Gepubliceerd op 11-11-2021

baar

betekenis & definitie

I. v. baren (lit. t. inz. in het mv. golf): de zilte baren.

II. v. baren, baartje (staaf van gegoten [kostbaar] metaal inz. van goud of zilver; in de wapenkunde: zilveren band, die uit de linkerbovenhoek naar de rechterbenedenhoek van het schild loopt en een derde deel daarvan moet beslaan): zilver aan baren.

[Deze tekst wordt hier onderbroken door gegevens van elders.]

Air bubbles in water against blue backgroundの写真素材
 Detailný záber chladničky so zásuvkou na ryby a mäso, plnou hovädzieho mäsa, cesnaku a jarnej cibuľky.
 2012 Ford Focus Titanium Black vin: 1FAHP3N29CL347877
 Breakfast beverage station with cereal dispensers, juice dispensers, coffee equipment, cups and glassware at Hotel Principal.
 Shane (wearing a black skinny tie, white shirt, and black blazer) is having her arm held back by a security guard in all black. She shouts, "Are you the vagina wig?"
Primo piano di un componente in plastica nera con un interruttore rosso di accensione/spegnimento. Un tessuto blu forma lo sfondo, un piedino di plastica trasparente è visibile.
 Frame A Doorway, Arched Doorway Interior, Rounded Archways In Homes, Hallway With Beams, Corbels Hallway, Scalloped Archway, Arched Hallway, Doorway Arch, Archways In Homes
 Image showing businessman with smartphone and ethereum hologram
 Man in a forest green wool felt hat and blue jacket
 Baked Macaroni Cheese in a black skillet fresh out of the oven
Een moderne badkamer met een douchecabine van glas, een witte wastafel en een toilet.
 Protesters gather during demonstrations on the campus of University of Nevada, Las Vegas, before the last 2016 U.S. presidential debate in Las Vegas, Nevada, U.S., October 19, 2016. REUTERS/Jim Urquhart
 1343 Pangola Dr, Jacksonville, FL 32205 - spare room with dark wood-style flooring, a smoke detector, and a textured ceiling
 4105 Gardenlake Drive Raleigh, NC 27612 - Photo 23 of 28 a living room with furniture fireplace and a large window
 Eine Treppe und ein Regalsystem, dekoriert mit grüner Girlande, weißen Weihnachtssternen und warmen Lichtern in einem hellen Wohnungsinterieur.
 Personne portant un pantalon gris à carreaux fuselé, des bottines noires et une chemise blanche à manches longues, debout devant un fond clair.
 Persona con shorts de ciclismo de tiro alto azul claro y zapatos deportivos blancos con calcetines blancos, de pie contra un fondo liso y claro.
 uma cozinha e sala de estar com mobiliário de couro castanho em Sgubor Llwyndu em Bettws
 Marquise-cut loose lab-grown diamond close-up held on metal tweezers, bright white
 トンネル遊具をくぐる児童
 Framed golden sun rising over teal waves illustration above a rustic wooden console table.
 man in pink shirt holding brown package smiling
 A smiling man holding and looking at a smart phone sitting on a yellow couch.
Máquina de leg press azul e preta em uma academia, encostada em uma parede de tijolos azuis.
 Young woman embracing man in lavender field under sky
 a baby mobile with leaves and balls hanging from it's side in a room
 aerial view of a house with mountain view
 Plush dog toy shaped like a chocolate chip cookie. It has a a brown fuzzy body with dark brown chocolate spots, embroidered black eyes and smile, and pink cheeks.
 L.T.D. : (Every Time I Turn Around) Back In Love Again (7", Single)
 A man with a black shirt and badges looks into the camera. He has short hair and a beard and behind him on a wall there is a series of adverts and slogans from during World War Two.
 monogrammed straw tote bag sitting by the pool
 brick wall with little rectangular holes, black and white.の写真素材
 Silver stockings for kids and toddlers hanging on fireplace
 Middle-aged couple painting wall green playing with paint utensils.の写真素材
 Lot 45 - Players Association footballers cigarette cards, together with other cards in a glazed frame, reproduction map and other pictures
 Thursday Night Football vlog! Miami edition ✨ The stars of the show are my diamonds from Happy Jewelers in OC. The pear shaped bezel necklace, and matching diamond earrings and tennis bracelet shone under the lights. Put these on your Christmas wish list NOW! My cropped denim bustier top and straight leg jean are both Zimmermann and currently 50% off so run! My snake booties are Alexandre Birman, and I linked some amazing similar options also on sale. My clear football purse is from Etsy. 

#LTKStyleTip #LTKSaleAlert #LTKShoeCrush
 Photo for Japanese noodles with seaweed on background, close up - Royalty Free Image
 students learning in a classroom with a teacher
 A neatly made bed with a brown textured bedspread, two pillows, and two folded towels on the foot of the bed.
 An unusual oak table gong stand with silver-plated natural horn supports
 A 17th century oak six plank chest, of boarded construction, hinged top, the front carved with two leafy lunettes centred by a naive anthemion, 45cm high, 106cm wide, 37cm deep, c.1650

III. v. baren, baartje (1 berrie; 2 lijkbaar; 3 Z.-N. katafalk):

1. de meubels op een baar wegdragen;
2. Christus raakte de baar aan, Lukas 7 : 1.4;
3. Z.-N. op Allerzielen staat de baar in de kerk voor alle overleden gelovigen.

IV. m. baren, baartje (onbevaren matroos; groentje, nieuweling, inz. iem. die voor het eerst in Indië komt en met de levenswijs onbekend is, z. orang).

V. bn. (1 naakt, bloot vero.; 2 van boze geesten, spoken: zonder vermomming):
1. ba(a)rvoets;
2. de bare duivel; nog: baar geld, klinkende munt; bare onzin, klinkklare; de bare zee, de volle zee, de ruwe, dreigende zee.